In the records below, the line with "NEW Clarks of" opens the range and the line with "Ванна акриловая Bas" closes it; print that range exactly and nothing else.

** Supplied information **

────

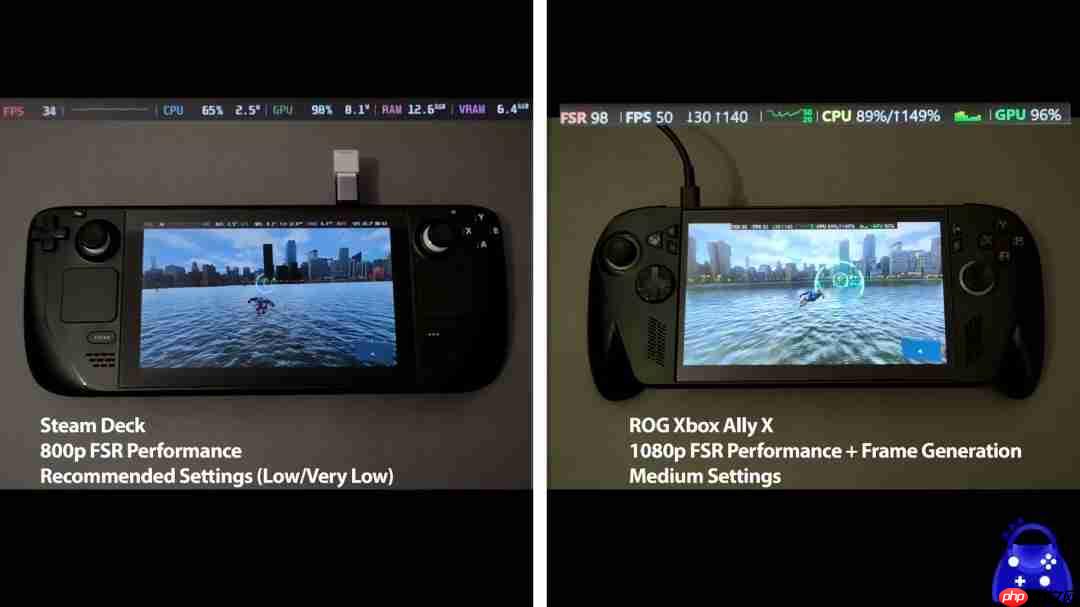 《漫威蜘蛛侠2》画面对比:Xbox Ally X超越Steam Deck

────

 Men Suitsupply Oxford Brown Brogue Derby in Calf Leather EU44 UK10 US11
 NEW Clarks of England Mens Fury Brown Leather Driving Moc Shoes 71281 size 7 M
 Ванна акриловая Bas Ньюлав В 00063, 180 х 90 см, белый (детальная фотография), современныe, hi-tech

────

** Response to the exercise **
 NEW Clarks of England Mens Fury Brown Leather Driving Moc Shoes 71281 size 7 M
 Ванна акриловая Bas Ньюлав В 00063, 180 х 90 см, белый (детальная фотография), современныe, hi-tech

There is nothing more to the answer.